Grâce aux notes éparses rédigées entre 1984 et 1994, restées jusque-là inédites, la Bibliothèque nationale montre cet examen de conscience permanent: « A-t-il souhaité un changement révolutionnaire dans la société ? On est en droit de se le demander », s’interroge-t-il à la troisième personne[6. « Les erreurs et les échecs de M. Guy Debord par un Suisse impartial », fonds Debord de la BNF.]. Et notre procureur/accusé de développer son réquisitoire : « Les ruptures avec quasiment tout le monde accompagnent toute sa vie. » Constant, Raoul Vaneigem et autres René Riesel ne le démentiront pas : congédiés l’un après l’autre d’une I.S. qui ne compta jamais plus de quelques dizaines de membres répartis entre Paris, Copenhague, Bruxelles, Amsterdam et Rome, ils finirent par oublier leur ambition collective d’un dépassement révolutionnaire de l’art. Qu’à cela ne tienne : Debord poursuivit sa route seul, refusant d’enfourcher la monture du guide spirituel du prolétariat.

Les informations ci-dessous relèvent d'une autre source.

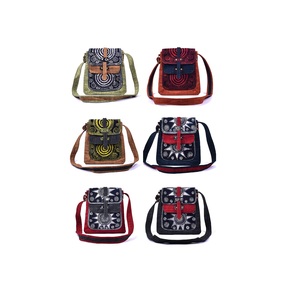Bolsa de tela de cera con tapa de uñas de seta y correa larga, Unisex, con patrón personalizado a la moda, el mejor precio, venta al por mayor - Product Image 2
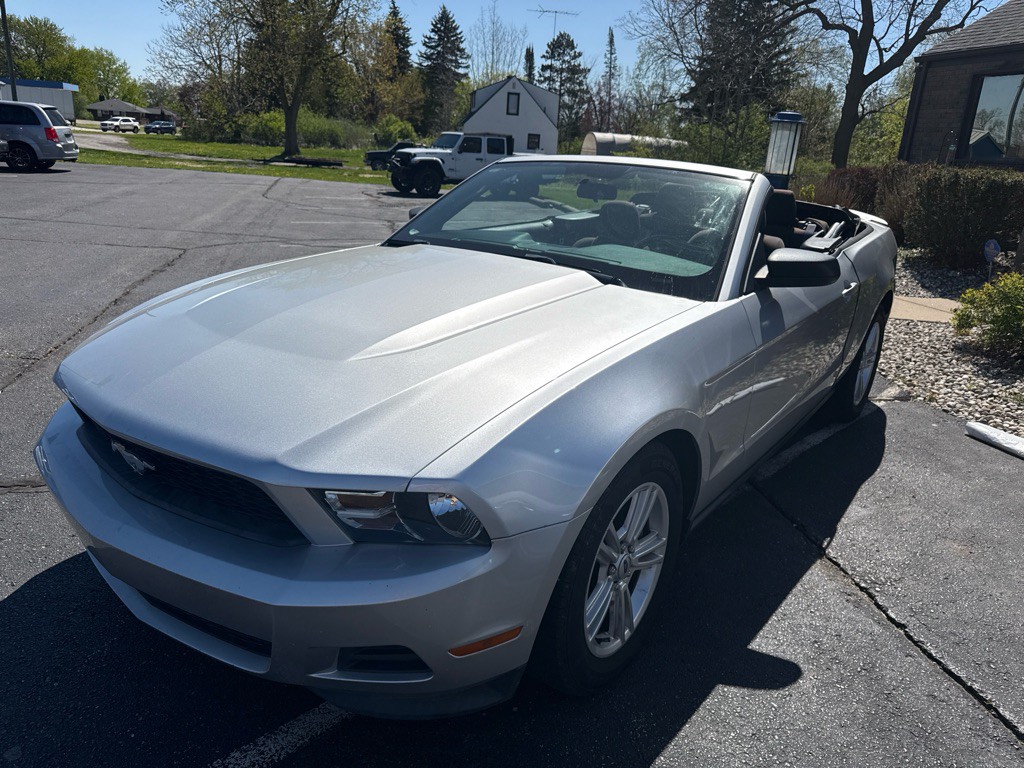 2012 Ford Mustang Image 3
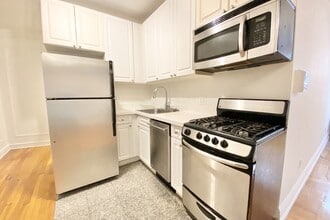 640 Fort Washington Ave in New York, NY - Building Photo - Building Photo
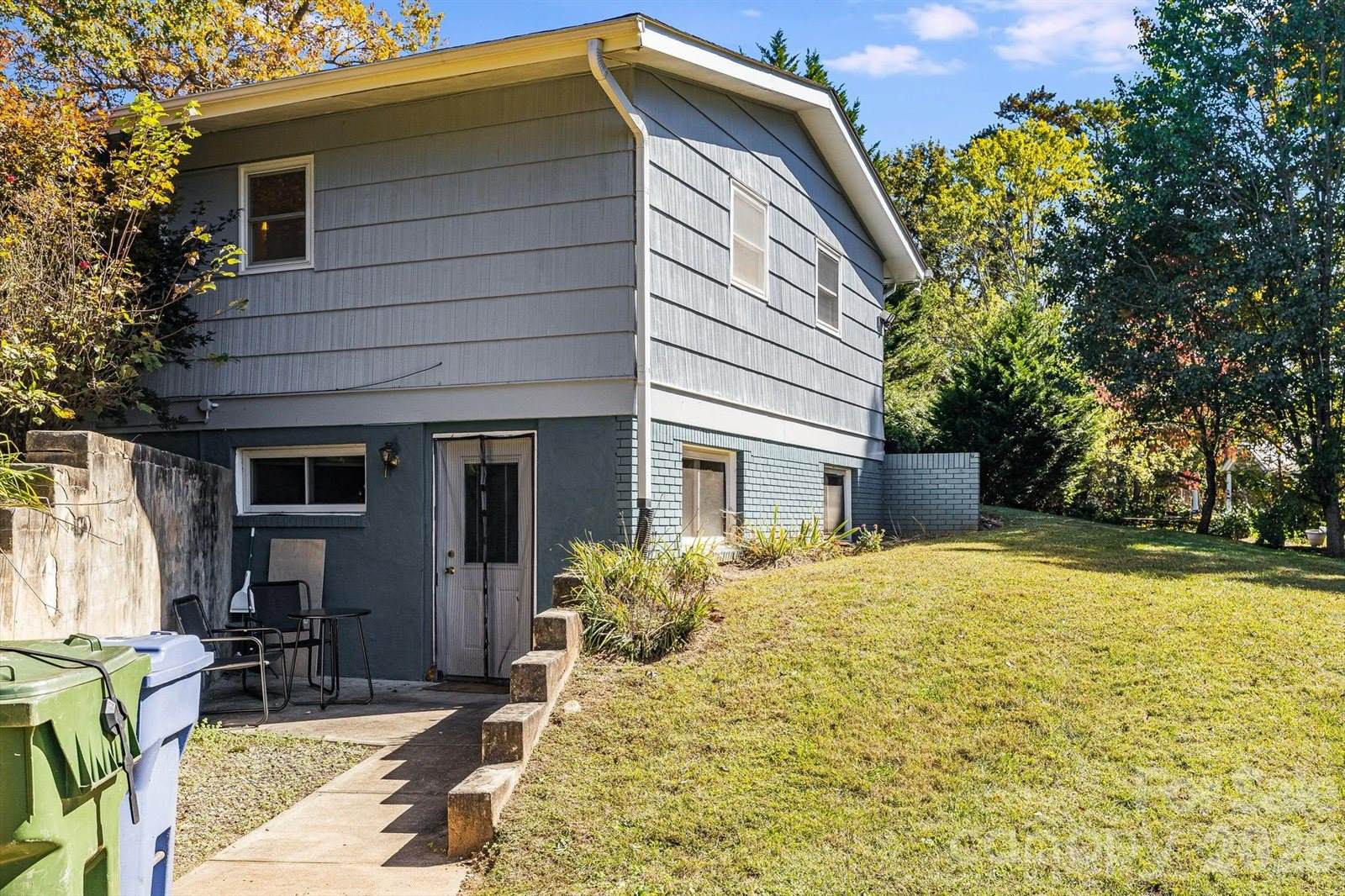 26 Elkmont Drive, Asheville, NC 28804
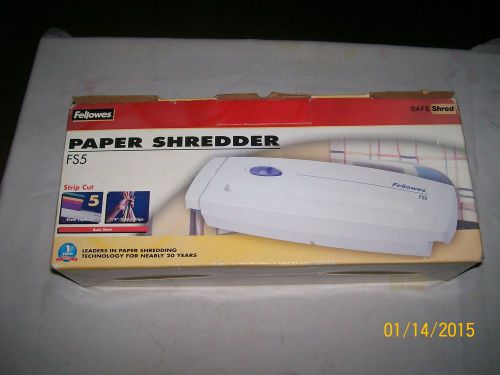 FELLOWES PAPER SHREDDER FS5 STRIP CUT SAFE SHRED N.I.B. OVERSTOCK SALE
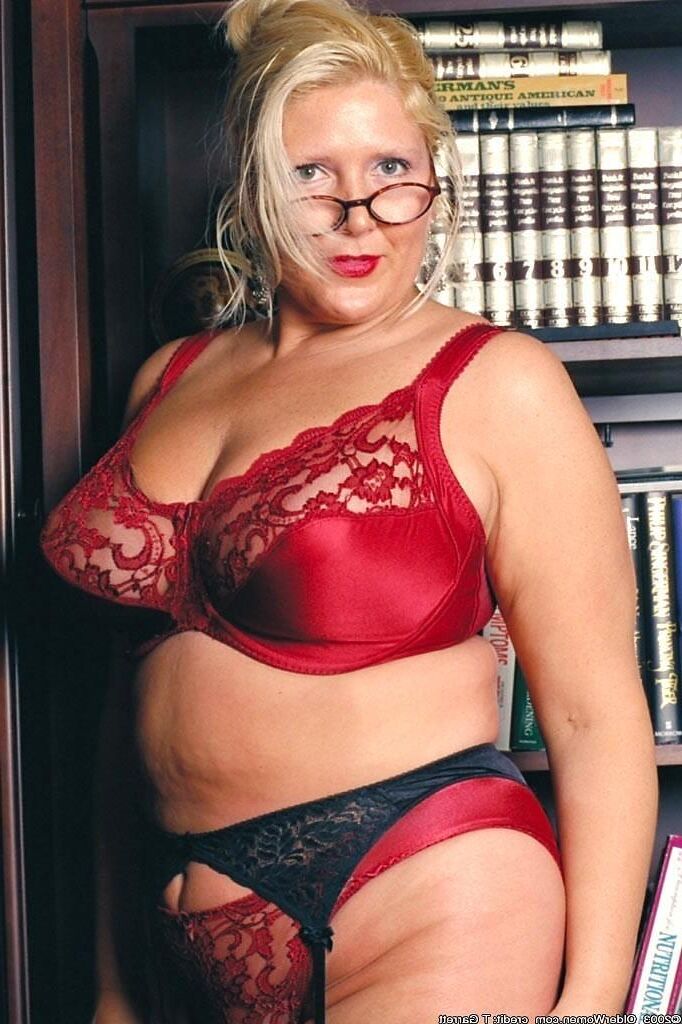 Grannies and MILFS in Lingerie 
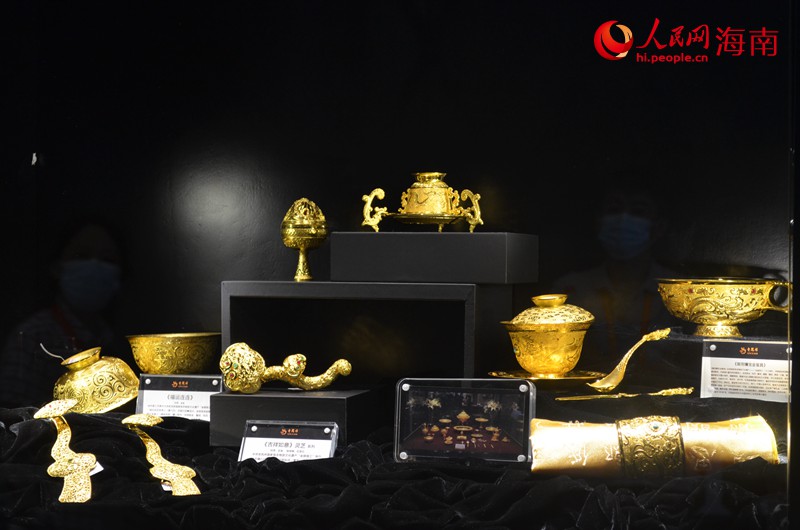 消博會珠寶展區(qū)內的黃金制品。人民網 潘惠文攝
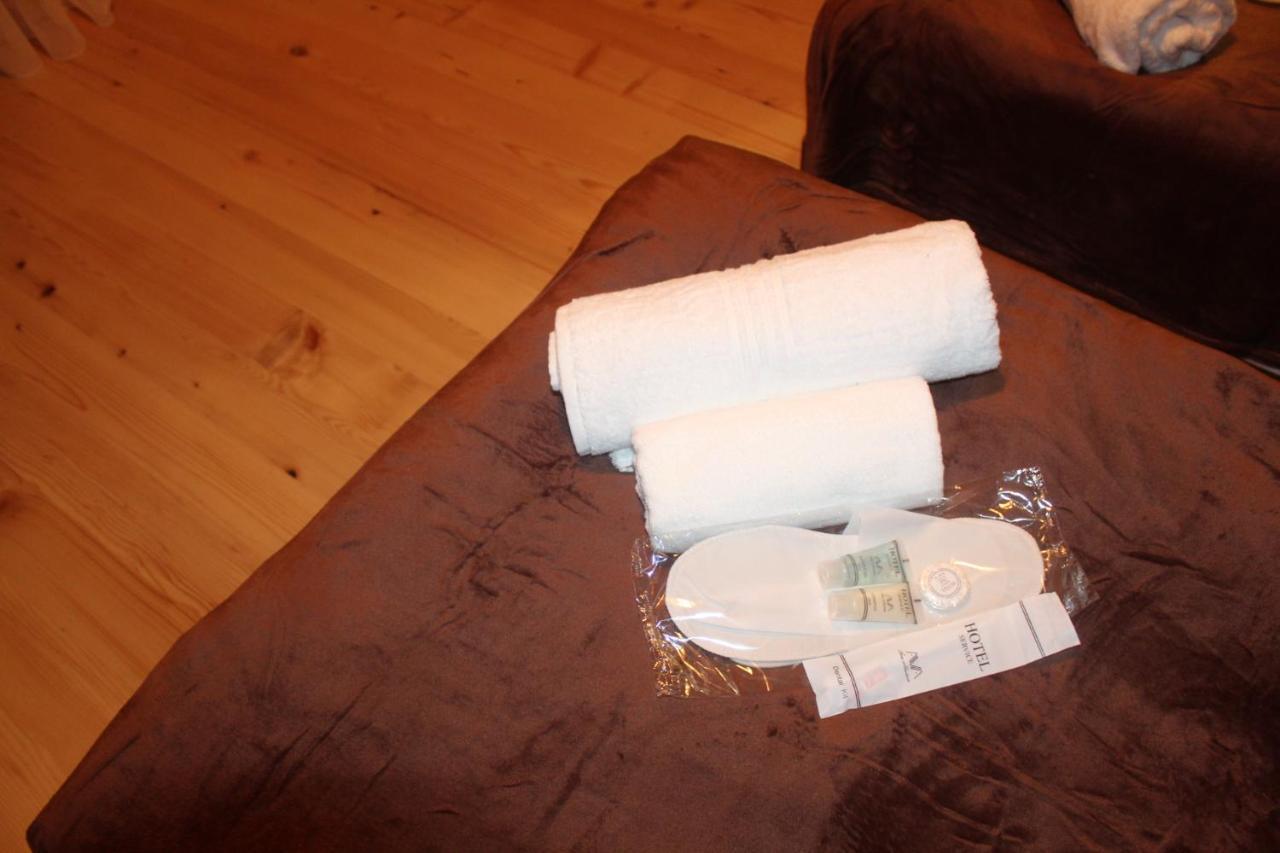 Guesthouse Alpenrose Mestia Bagian luar foto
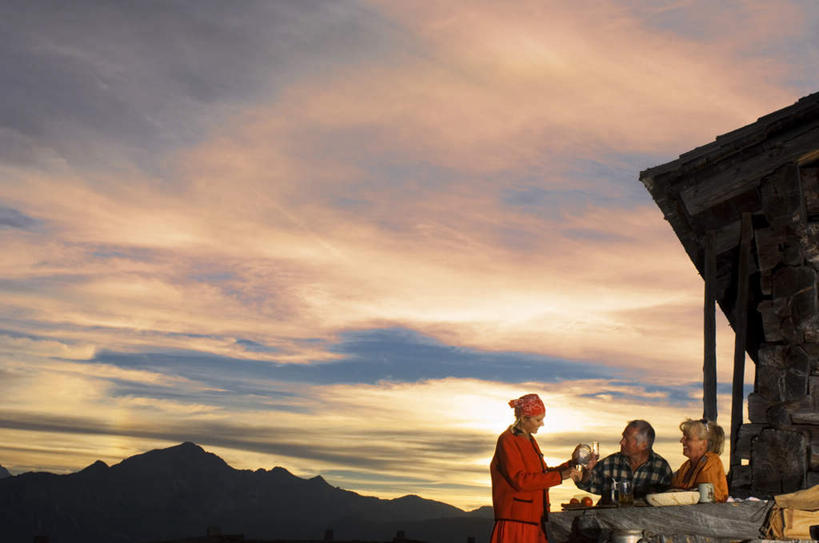 西方人,三个人,家庭,夫妻,木屋,坐,笑,微笑,露齿笑,横图,室外,白天,正面,爱情,山,山脉,餐桌,桌子,杯子,欧洲,欧洲人,倒,服装,山峰,云,云朵,食品,山峦,浪漫,拿,云彩,拿着,注视,休闲装,玻璃制品,食物,衣服,白云,蓝天,天空,水杯,群山,天,观察,看,休闲,温暖,温馨,一家人,休闲服,恩爱,恋人,服饰,餐台,观看,和睦,察看,关注,男人,男性,年轻男性,年轻女性,女人,女性,白种人,情侣,玻璃杯,坐着,半身,彩图,茅舍,茅屋,棚屋,小木屋,小屋,伴侣,融洽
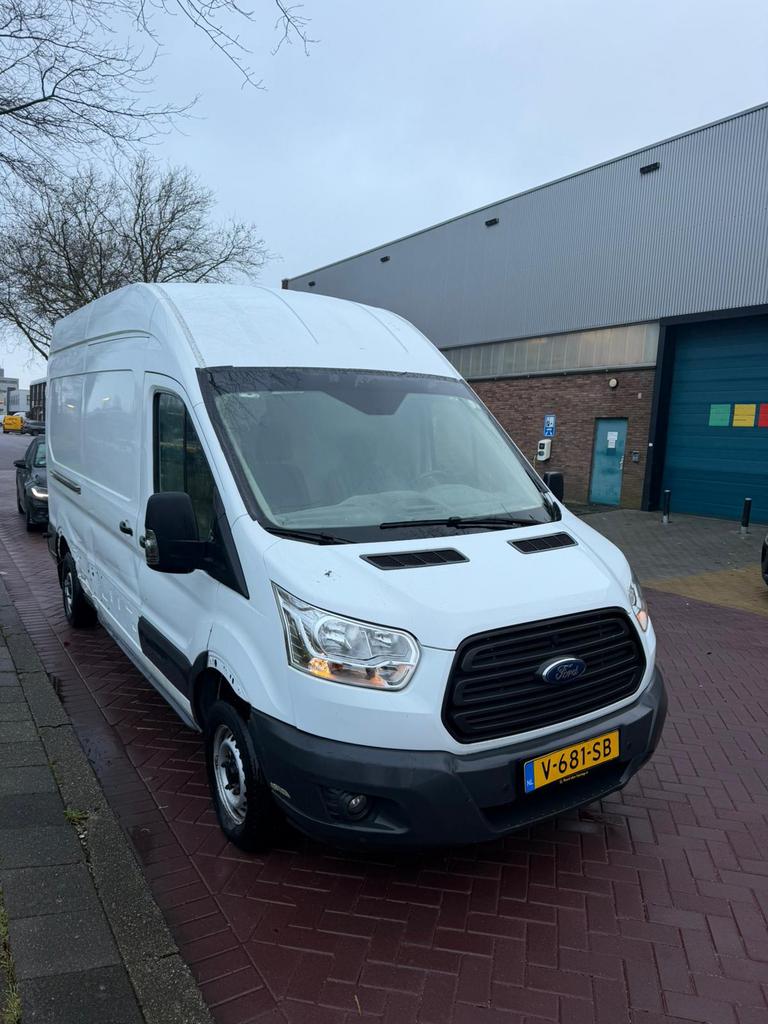Ford Transit 2015 L2 H2, Auto's, Bestelauto's, Zwart, 100 pk, Particulier, Ford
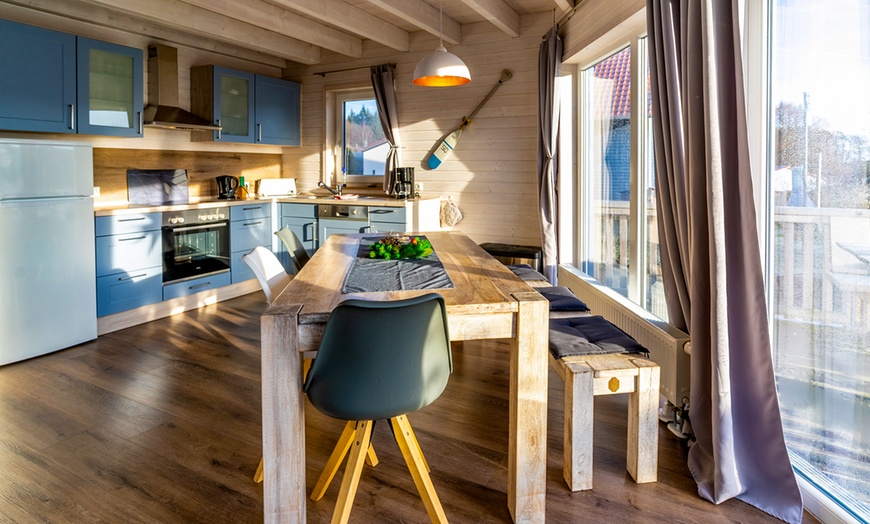 Image 7: Sauerland: 4 Nächte im Ferienhaus + Endreinigung & Panorama-Sauna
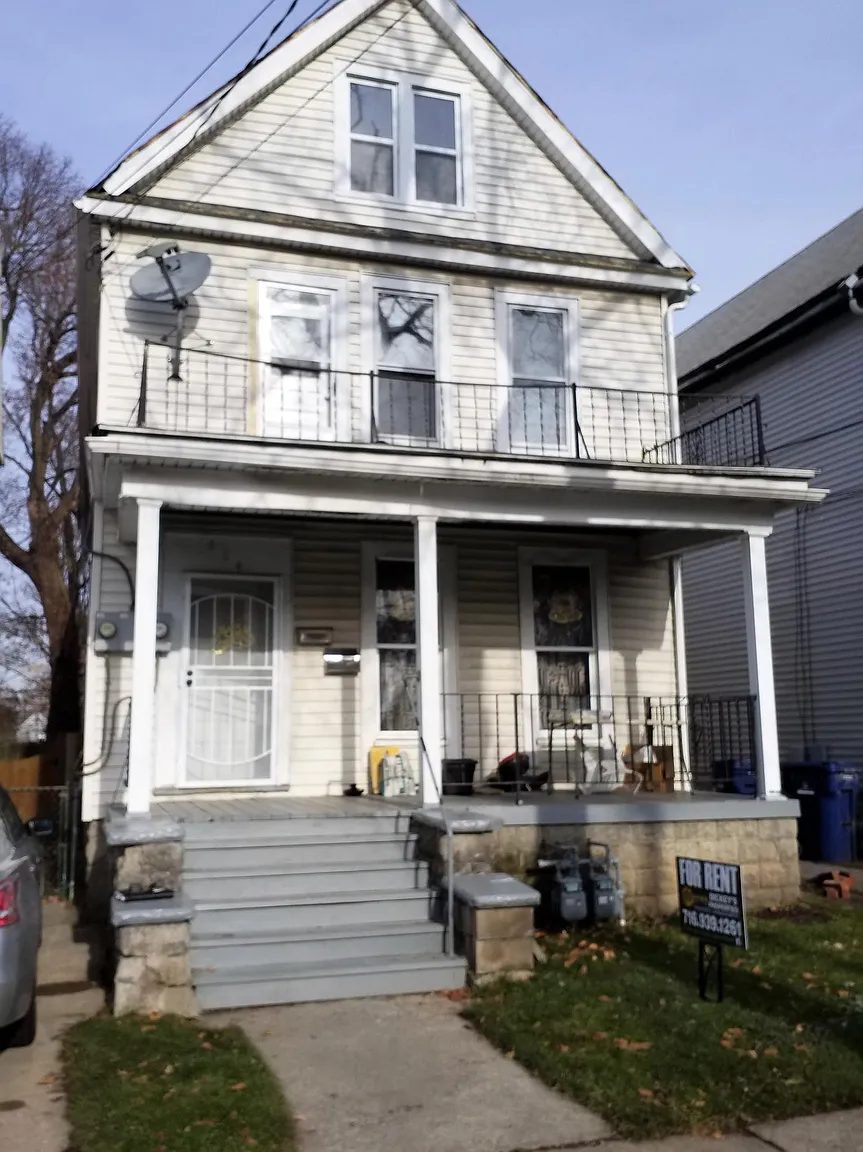464 Northampton St photo 1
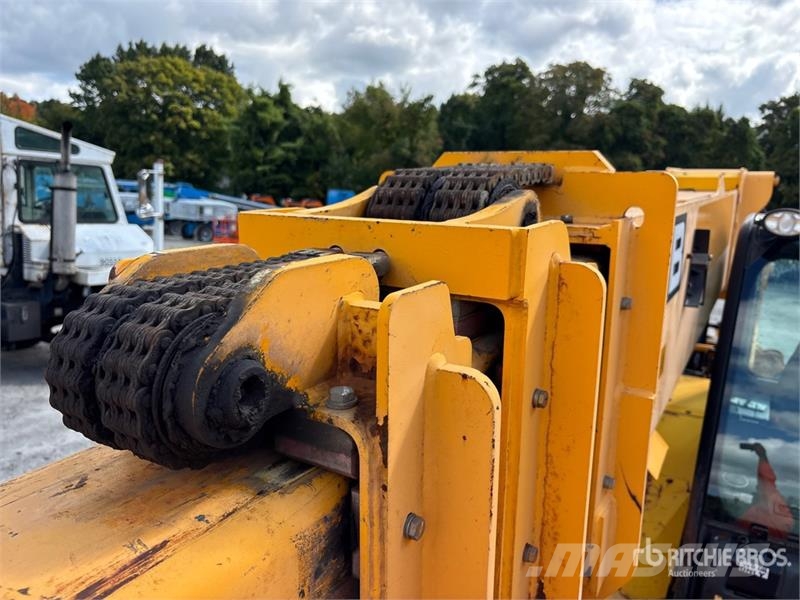 JCB 512-56 مناولات متداخلة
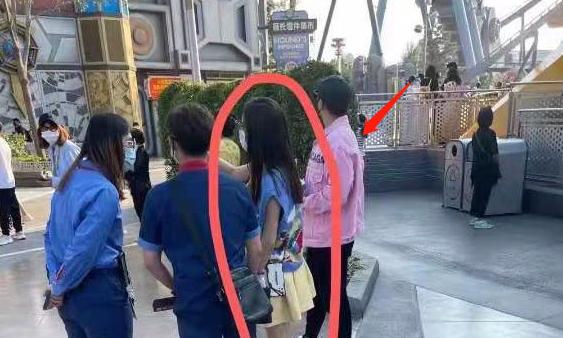 Mỹ nữ Tân Cương vui vẻ đi chơi cùng chồng cũ mặc ly hôn-2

« Un art de la guerre », annonce l’exposition de la Grande Bibliothèque. Avant d’en déchiffrer le mystère, le quidam s’engouffrera au hasard dans l’une des salles de projection pour y découvrir tous les films de Debord, à la regrettable exception des Hurlements en faveur de Sade (1952). Qu’importe, il se consolera avec In girum imus nocte et consumimur igni (1978), magnifique récit allégorique de l’épopée « situ ».Soudain, une voix lancinante vous glisse à l’oreille : « Les spectateurs ne trouvent pas ce qu’ils désirent ; ils désirent ce qu’ils trouvent »[7. Réfutation de tous les jugements, tant élogieux qu’hostiles, qui ont été jusqu’ici portés sur le film « La Société du Spectacle », un film de Guy Debord, 1975.]. Après les projections, vous vous ruerez sur les 600 fiches de lecture qui jalonnent la vie de papier de Guy-Ernest. Lecteur compulsif du cardinal de Retz – auquel il emprunta le patronyme de « Gondi » pendant Mai-68 – Shakespeare et Baudelaire, tout autant que de Lautréamont ou de Cravan, Debord arrache décidément toutes les étiquettes dont on l’affuble. Un pas de trop et l’imagination arrive au pouvoir. Ici, le titre de l’exposition prend tout son sens. « Aucune époque vivante n’est partie d’une théorie : c’était d’abord un jeu, un conflit, un voyage »[8. In girum imus nocte et consumimur igni,un film de Guy Debord, 1978.] entendiez-vous tout à l’heure, psalmodié d’un ton monocorde. Ici et là, jaillissent les slogans qui fleurissaient sur les murs du Quartier latin pendant le joli mois de mai – « Ne travaillez jamais » ou « Vivre sans temps mort et jouir sans entraves ». Plus loin, d’innombrables détournements de citations et de brochures de journaux vous assaillent. Belle illustration de la révolution en actes que ces mots d’auteurs détournés par le jeune Guy-Ernest dans ses Mémoires… écrites à moins de 25 ans ! D’une salle l’autre, on comprend que le jeu est l’envers de l’aliénation. Lorsque l’homo ludens retrouve ses semblables − autant que lui-même − dans des dérives improvisées dans Paris, le jeu s’appelle « psychogéographie ».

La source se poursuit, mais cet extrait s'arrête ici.